10 Programming Languages That Can Redefine IT


2. Dart

JavaScript is used to add basic interactivity to Web pages, but doesn’t work well when the application has thousands of lines of code. That's why Google created Dart. It hopes this will change the way Web programming is done.

Where JavaScript is a prototype-based language, objects in Dart are defined using classes and interfaces, as in C++ or Java. It also uses C-like syntax and keywords. Dart also allows programmers to optionally declare variables with static types. Dart is designed to be familiar, dynamic, and fluid as JavaScript and also allow developers to write code that is faster, easier to maintain, and less vulnerable to bugs.

Currently the only way to run client-side Dart code so far is to cross-compile it to JavaScript. Even then it doesn't work with every browser.

3. Ceylon

Many believe that Ceylon is meant to be a Java killer, though its developer Gavin King denied it. King is also the creator of the Hibernate object-relational mapping framework for Java.

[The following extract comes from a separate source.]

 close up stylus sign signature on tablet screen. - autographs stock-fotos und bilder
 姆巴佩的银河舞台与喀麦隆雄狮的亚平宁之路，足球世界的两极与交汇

He likes Java, but he thinks there are a lot of shortcomings, like its lack of first-class and higher-order functions, its poor support for meta-programming, clumsy SDK and absence of a declarative syntax for structured data definition. He developed Ceylon with an aim to solve all these problems.

King doesn’t plan to develop a new Virtual Machine but will use JVM. Though, he intends to create a new Ceylon SDK to replace the Java SDK.